FIGURE 4. A model for the selective effects of PARP inhibition on cells lacking wild-type BRCA1 and BRCA2.

a, PARP functions in base excision repair. DNA SSBs form due to oxidative damage and its repair. Inhibition of PARP activity prevents the recruitment of XRCC1 and subsequent SSB gap filling by DNA polymerases. Large numbers of DNA SSBs persist and are encountered by DNA replication forks. These lead to replication fork arrest associated with a DSB. b, In the presence of functional BRCA1 and BRCA2, the proximity of an undamaged sister chromatid template to the DSB allows the invasion of the sister chromatid by a RAD51-coated single-stranded DNA filament, and initiation of sister chromatid recombination repair. This is associated with the formation of nuclear RAD51 foci. A collapsed replication fork may be restarted by this mechanism. c, When Holliday junctions at recombination intermediates are resolved, a sister chromatid exchange may occur. The excess number of replication fork arrests associated with loss of PARP function leads to an increase in sister chromatid recombination events and sister chromatid exchanges. d, In the absence of functional BRCA1 or BRCA2, sister chromatid recombination and the formation of RAD51 foci are severely impaired.
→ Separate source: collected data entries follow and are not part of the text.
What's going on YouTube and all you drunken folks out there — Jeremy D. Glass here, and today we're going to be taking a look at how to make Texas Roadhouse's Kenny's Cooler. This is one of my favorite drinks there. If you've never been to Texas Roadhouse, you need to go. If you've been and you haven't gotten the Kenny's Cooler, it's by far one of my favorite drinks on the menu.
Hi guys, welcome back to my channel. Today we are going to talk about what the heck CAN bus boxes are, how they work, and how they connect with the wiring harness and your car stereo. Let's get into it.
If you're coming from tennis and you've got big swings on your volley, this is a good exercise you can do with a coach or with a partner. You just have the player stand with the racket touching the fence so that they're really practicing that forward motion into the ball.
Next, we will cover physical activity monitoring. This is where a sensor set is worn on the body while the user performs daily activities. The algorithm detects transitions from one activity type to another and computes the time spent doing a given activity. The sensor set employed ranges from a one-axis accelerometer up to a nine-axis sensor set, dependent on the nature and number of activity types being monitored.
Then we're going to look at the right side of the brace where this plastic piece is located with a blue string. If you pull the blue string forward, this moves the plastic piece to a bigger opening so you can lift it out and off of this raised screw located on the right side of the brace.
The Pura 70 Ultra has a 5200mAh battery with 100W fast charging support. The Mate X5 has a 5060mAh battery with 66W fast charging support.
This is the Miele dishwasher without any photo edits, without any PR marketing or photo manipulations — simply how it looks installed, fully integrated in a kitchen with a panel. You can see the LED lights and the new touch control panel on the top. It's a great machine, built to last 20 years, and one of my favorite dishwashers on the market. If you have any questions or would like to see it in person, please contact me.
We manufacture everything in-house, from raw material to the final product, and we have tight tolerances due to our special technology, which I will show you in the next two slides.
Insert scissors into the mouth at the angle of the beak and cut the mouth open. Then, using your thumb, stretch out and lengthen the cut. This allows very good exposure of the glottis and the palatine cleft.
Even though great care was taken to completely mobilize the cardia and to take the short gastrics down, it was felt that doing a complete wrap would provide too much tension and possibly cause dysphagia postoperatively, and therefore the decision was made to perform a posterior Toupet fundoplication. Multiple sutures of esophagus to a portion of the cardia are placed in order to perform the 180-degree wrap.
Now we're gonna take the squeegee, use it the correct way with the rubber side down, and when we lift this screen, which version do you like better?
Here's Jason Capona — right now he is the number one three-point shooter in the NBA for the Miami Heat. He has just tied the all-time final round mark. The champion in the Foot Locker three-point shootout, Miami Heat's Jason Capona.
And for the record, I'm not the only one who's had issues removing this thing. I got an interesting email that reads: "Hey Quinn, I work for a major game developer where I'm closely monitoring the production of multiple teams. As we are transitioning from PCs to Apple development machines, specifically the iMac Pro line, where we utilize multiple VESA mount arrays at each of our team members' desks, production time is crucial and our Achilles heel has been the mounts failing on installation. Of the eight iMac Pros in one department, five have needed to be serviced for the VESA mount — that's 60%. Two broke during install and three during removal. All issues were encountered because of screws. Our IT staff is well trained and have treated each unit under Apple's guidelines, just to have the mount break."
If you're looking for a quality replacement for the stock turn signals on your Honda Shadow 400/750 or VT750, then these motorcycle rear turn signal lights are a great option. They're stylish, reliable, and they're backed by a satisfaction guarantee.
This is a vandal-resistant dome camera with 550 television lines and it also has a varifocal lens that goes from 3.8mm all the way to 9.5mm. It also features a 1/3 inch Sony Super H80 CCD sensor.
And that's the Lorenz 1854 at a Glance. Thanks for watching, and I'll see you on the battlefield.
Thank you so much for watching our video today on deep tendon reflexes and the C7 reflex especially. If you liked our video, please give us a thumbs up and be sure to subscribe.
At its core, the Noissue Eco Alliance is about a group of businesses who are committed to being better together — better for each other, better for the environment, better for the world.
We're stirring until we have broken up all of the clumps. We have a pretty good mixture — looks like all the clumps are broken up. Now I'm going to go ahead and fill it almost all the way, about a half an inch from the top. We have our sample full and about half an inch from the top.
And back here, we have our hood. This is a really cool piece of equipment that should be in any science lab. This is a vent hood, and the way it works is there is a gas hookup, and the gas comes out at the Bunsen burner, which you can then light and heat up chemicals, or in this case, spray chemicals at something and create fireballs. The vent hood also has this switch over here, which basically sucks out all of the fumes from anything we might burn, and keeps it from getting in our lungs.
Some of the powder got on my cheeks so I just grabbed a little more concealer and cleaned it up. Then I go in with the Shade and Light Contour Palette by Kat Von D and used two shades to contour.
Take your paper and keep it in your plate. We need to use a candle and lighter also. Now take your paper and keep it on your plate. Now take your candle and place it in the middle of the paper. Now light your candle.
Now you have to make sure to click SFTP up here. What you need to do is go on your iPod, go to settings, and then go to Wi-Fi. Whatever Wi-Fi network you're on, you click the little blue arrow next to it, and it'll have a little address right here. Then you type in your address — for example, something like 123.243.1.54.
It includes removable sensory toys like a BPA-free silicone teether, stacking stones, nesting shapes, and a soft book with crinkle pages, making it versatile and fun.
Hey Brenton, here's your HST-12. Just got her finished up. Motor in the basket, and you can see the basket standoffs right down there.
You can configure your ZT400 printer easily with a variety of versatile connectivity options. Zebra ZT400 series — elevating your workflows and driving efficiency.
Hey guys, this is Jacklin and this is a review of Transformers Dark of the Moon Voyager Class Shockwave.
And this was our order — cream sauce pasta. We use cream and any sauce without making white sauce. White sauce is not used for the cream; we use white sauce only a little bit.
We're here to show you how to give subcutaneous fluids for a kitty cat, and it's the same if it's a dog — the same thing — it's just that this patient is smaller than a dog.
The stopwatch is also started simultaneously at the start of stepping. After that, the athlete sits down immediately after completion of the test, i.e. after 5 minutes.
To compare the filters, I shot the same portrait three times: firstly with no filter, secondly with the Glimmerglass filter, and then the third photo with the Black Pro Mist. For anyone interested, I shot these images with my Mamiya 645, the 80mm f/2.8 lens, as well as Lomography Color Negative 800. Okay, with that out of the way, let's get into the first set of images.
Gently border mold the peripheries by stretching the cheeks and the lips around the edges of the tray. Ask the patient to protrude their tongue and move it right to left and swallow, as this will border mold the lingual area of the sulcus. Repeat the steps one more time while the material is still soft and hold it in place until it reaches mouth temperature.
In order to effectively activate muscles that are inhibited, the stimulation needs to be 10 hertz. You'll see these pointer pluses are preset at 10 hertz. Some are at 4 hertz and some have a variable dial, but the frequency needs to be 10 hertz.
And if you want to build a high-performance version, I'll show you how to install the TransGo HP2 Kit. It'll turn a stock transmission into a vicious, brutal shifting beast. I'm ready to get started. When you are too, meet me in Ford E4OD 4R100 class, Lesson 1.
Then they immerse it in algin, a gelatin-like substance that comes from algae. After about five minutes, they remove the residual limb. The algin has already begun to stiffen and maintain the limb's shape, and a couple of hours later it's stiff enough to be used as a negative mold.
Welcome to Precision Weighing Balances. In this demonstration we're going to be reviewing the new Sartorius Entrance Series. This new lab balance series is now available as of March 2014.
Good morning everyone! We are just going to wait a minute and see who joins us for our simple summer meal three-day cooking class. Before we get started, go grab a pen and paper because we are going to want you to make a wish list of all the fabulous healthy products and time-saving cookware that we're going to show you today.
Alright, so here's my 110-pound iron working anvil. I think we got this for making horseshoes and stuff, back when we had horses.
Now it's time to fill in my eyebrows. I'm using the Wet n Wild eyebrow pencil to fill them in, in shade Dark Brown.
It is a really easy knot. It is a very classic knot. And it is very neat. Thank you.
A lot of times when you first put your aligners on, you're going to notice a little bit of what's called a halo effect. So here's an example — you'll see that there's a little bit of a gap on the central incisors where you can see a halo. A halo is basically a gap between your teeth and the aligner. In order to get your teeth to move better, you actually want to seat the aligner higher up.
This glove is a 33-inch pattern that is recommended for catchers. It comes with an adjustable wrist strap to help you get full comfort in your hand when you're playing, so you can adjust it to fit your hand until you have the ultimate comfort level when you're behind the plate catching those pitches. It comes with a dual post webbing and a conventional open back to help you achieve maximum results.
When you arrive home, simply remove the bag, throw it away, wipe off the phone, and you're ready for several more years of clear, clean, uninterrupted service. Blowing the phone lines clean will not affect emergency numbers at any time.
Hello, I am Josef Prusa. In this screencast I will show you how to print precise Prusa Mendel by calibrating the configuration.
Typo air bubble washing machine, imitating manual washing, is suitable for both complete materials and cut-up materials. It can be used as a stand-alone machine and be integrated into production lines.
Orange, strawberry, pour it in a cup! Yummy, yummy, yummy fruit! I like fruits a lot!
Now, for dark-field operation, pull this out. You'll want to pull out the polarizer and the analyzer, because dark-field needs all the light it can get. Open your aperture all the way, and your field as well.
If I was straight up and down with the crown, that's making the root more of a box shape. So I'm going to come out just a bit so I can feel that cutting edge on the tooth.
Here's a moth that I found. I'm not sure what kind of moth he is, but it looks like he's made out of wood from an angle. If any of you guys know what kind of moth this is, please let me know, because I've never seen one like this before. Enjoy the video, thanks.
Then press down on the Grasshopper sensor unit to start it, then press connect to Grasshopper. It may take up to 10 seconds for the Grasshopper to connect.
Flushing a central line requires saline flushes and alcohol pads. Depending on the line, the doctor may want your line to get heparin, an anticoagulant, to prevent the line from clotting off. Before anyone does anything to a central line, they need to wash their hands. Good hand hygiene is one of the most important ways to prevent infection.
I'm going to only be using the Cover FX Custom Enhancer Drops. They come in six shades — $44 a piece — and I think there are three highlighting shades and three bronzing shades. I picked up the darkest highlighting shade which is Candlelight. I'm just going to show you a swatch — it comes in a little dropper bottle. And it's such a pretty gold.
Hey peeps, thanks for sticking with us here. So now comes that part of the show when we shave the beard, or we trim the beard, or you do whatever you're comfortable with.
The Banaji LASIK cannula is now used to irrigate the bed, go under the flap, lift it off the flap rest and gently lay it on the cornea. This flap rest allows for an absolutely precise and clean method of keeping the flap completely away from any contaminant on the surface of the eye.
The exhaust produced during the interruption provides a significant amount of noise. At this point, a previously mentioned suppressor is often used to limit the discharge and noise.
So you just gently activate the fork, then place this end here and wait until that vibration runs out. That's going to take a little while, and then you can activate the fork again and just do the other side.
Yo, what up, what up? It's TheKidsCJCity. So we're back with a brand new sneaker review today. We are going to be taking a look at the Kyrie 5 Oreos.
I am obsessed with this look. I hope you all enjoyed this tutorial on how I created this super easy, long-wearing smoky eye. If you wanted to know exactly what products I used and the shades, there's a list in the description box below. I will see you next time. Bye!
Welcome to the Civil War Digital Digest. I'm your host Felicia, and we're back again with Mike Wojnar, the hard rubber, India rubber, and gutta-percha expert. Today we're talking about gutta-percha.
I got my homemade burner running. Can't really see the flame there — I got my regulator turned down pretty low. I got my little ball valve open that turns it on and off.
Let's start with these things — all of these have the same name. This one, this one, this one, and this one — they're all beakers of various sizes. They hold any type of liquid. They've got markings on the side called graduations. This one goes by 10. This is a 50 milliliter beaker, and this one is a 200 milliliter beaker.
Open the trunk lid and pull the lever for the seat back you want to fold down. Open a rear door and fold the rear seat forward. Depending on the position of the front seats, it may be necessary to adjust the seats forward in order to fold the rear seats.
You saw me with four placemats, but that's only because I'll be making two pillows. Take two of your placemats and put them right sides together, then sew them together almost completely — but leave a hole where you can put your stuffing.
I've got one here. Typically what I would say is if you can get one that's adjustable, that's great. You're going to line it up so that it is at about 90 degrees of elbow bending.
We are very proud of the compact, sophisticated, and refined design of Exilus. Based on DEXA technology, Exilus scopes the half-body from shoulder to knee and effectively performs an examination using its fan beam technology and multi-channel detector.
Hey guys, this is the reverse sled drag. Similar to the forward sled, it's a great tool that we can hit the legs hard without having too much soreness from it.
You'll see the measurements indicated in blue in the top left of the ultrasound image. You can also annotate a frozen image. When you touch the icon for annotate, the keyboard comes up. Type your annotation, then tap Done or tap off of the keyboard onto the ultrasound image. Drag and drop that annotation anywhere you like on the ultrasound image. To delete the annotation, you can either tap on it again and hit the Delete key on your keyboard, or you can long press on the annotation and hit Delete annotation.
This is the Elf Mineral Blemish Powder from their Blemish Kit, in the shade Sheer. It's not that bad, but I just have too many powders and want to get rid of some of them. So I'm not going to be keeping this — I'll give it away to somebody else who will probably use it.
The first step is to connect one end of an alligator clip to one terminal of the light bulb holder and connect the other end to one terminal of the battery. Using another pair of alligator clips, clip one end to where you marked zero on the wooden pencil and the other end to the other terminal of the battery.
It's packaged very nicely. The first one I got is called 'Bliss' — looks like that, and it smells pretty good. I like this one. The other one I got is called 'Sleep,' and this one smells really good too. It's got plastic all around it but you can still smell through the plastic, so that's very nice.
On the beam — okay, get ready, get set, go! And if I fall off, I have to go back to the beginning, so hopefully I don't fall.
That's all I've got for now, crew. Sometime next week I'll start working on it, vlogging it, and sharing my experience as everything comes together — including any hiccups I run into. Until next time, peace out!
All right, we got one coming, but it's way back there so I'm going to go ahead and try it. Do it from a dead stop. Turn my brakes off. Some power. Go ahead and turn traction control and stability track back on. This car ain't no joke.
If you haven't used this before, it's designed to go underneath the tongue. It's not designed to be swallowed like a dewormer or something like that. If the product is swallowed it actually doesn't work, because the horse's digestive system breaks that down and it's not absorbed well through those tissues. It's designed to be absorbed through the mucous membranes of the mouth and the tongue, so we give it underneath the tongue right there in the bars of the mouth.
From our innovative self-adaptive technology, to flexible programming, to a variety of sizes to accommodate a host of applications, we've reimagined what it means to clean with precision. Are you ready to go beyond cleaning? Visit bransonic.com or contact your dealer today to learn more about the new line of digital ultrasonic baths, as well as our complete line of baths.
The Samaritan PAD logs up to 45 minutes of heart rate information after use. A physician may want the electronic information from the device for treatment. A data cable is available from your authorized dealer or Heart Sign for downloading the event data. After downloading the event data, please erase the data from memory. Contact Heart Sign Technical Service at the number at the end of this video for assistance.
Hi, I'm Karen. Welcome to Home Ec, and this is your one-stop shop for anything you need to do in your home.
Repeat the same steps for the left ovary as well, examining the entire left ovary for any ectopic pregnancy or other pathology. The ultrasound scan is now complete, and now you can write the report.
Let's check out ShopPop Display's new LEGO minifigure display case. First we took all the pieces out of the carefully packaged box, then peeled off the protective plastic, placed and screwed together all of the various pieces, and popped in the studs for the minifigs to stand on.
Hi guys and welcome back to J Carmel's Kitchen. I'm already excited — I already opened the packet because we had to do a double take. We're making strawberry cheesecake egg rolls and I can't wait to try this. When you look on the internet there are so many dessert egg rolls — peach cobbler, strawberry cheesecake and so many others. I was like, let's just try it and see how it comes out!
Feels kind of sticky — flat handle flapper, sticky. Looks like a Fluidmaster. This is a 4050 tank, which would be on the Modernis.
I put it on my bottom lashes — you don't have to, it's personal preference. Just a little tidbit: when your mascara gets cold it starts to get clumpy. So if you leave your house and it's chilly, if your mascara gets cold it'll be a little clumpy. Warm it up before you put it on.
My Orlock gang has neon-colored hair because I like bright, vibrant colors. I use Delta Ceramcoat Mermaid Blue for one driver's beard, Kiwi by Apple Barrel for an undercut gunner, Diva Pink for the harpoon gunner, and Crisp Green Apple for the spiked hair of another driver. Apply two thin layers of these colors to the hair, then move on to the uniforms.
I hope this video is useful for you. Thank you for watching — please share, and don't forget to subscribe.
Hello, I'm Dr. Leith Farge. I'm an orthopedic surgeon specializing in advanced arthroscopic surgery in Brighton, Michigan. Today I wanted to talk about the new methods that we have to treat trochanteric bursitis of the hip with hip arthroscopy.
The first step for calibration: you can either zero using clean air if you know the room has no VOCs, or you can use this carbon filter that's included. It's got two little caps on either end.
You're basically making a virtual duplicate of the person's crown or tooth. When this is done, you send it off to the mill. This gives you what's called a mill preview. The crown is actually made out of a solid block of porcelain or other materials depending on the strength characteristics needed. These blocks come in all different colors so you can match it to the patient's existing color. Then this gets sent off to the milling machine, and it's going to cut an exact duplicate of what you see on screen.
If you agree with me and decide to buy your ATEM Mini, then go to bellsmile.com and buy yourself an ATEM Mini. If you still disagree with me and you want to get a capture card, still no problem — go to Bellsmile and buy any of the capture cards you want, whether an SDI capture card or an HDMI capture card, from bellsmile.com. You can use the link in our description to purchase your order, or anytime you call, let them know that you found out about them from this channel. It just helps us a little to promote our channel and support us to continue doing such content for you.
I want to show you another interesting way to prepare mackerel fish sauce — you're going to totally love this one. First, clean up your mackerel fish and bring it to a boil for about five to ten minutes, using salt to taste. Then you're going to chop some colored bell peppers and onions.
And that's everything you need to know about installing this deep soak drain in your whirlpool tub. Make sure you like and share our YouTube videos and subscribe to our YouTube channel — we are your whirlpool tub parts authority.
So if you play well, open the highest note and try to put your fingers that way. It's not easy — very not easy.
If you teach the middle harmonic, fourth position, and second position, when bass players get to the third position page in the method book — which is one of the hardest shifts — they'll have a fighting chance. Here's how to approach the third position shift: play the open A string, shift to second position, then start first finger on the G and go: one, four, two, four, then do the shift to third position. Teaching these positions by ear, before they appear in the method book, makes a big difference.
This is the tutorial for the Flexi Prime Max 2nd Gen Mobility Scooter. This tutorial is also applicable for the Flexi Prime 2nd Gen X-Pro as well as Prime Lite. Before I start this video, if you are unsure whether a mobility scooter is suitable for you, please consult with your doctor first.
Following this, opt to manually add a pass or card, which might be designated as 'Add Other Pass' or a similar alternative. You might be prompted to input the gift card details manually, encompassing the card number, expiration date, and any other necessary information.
Replication-associated DSBs cannot be repaired by sister chromatid recombination. Some remain unrepaired as chromatid breaks but many are repaired by error-prone RAD51-independent mechanisms such as non-homologous end joining (NHEJ) and single-strand annealing (SSA). These cause complex chromatid rearrangements. These cells arrest at the G2/M checkpoint and permanently arrest or undergo apoptosis.